● REQUIRED WORK: Search the listing below for the line containing "DAF PX-5 112 K1 Motoren". From there through the line containing "Boucles d'oreilles Sandra", transcribe every line exactly, both ends included.
═══ DATA TO USE
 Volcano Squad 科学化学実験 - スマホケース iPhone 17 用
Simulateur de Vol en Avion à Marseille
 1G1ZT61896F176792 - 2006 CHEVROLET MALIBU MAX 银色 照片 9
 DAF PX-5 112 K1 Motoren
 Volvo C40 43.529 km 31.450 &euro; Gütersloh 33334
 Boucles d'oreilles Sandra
══════
═══ DATA TO USE
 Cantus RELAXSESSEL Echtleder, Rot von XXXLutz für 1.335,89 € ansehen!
══════
● TASK RESULT:
 DAF PX-5 112 K1 Motoren
 Volvo C40 43.529 km 31.450 &euro; Gütersloh 33334
 Boucles d'oreilles Sandra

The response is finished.